Coming closer to home, we can ask similar questions about GIS. Are GIS software products and Spatial Data Infrastructures (SDIs) the same for all, a universal foundation based only on the true nature of geographic phenomena, universal principles of computing and cognitive primitives? Or are the GIS packages and SDIs that we know today biased toward a European worldview and a so-called 'Western' scientific approach? If GIS is universally easy-to-use (or universally difficult, but GIS usability is another topic!), then that is good news both for humanitarians and for software vendors, and we can move forward with a one-size-fits-all solution to the world's geospatial problems. But if GIS is biased toward the culture that produced it, then it could be yet another case of North Atlantic Imperialism, another brick in the darker side of globalization, posing an ethical dilemma, especially for those working in indigenous GIS or GIS and international development.

Mark Twain once wrote: "There is something fascinating about science. One gets such wholesale returns of conjecture out of such a trifling investment of fact." We have very few facts about cultural differences in spatial cognition. For almost 20 years, I have been intrigued by questions of possible cultural biases in GIS software, but until recently I had not found much in the way of solid answers. I now think I had been looking for cultural differences in spatial cognition in all the wrong places, in at least two different dimensions. I'll explain, and then draw some implications for GIS.

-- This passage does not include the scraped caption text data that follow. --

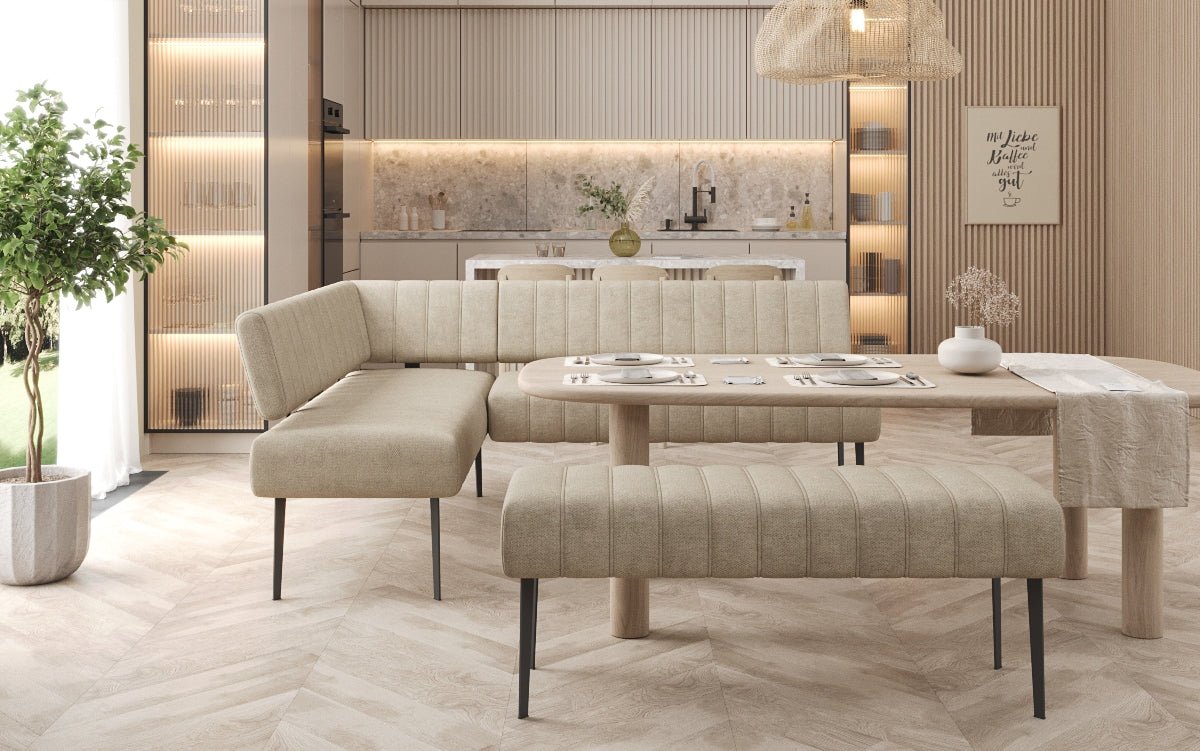 Essbank-Set Montero van robuuste Stof met metalen poten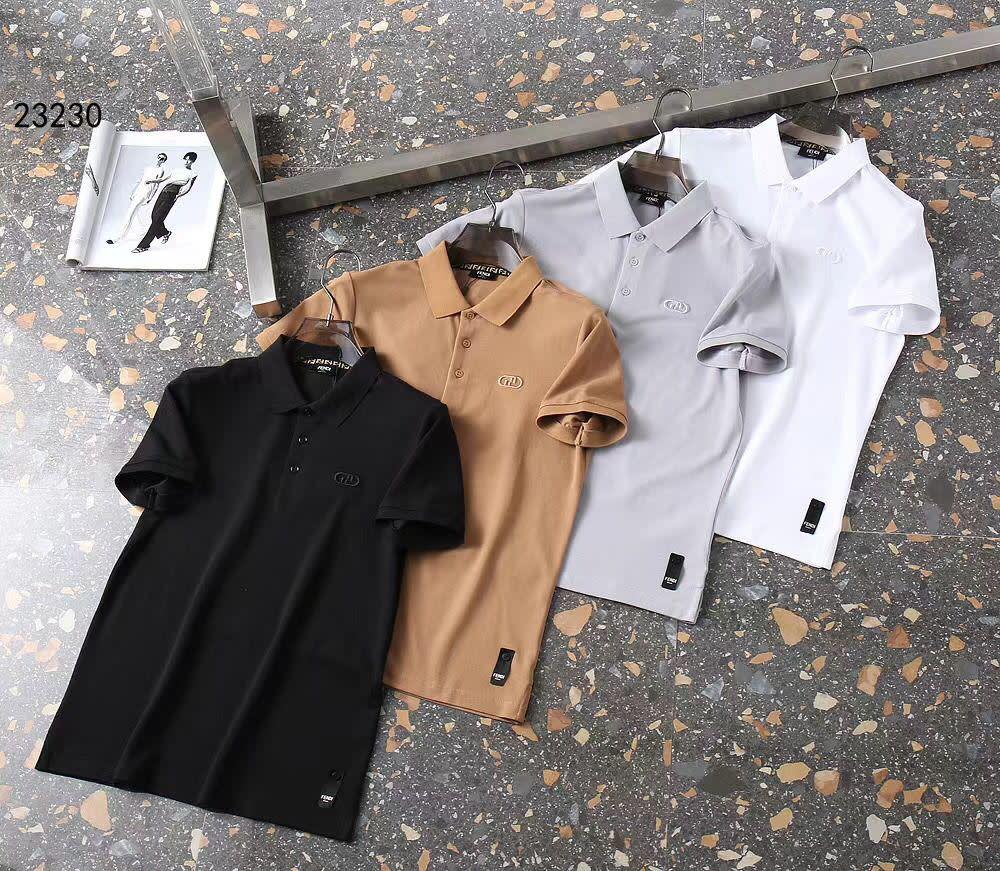 Fendi Embroidered logo Brown Premium Polo T-shirt-1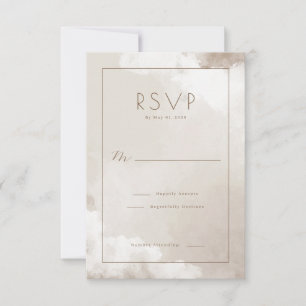 Elegante Beige Waterverf RSVP Kaartje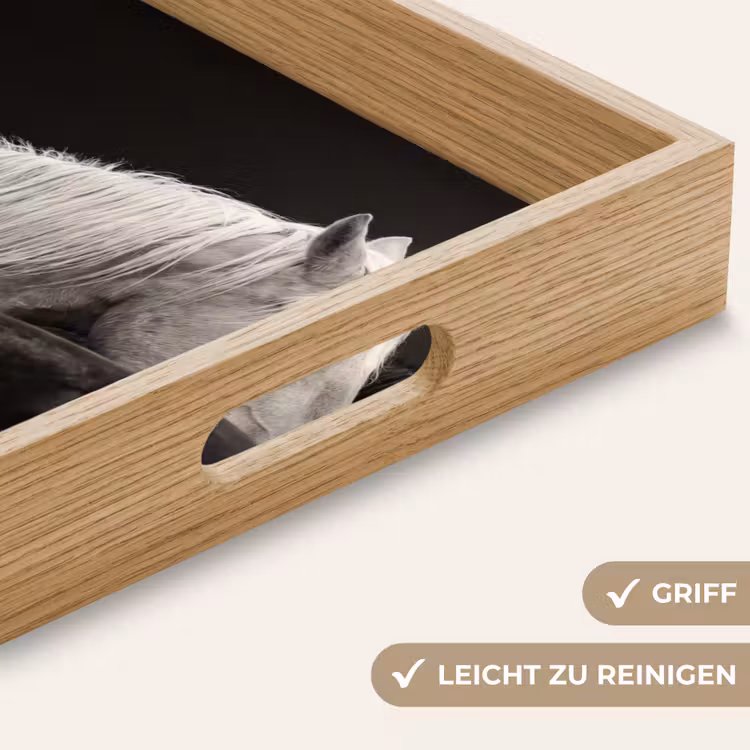 Paarden - Zwart - Wit - Kudde Dienblad Rechthoek middel -USP_HandgreepDE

In the 1990s, I wrote numerous papers on spatial cognition, GIScience and GIS. A frequent justification for spatial cognition research was that it relates to GIS usability and especially to GIS universality. Papers at Latinamericanist and Latin American GIS meetings speculated that cultural and linguistic differences between Spanish and English might lead to added barriers to easy GIS use by Spanish speakers. But testing human subjects on spatial relations and language in the United States, Spain and Costa Rica failed to reveal significant differences for line-region spatial relations. Was the concern unfounded?

On sabbatical in 2002, I was fortunate indeed to have the opportunity to visit Andrew Turk at Murdoch University in Perth, Australia. Turk, in turn, took me a thousand miles north to Roebourne, Australia, where about 500 Yindjibarndi speakers were keeping their language alive after being forcibly removed from their traditional lands almost a century ago. Through semi-structured interviews and other ethnographic methods, Turk and I learned details of the Yindjibarndi terms for features of the landscape, things that in English would be called hills and valleys, pools and cliffs, gullies and riverbeds.

While a dictionary published in the 1980s appeared to show term-by-term translations, we found that in most (if not all) cases, the terms and their definitions did not line up! There was a many-to-many relation between Yindjibarndi terms for elevated areas and their English equivalents. The relation between rivers and their beds was turned inside out in this tropical desert area. Rivers in English are fundamentally composed of water, even if some are sometimes dry; whereas a wundu in Yindjibarndi is a (dry) channel that on rare occasions might contain water. When water is present after the rare heavy rains following a tropical cyclone, the water is categorized by its intensity of flow and is always distinct from the permanent feature that might get named "river" in English. The conceptual systems that underlie the semantics of geographic expressions in the Yindjibarndi language do not seem strange, but they definitely are different. Working with Turk, David Stea, Carmelita Topaha, and many Navajo friends, we have found similar differences in Navajo language landscape categories in the arid highlands of northern Arizona and New Mexico.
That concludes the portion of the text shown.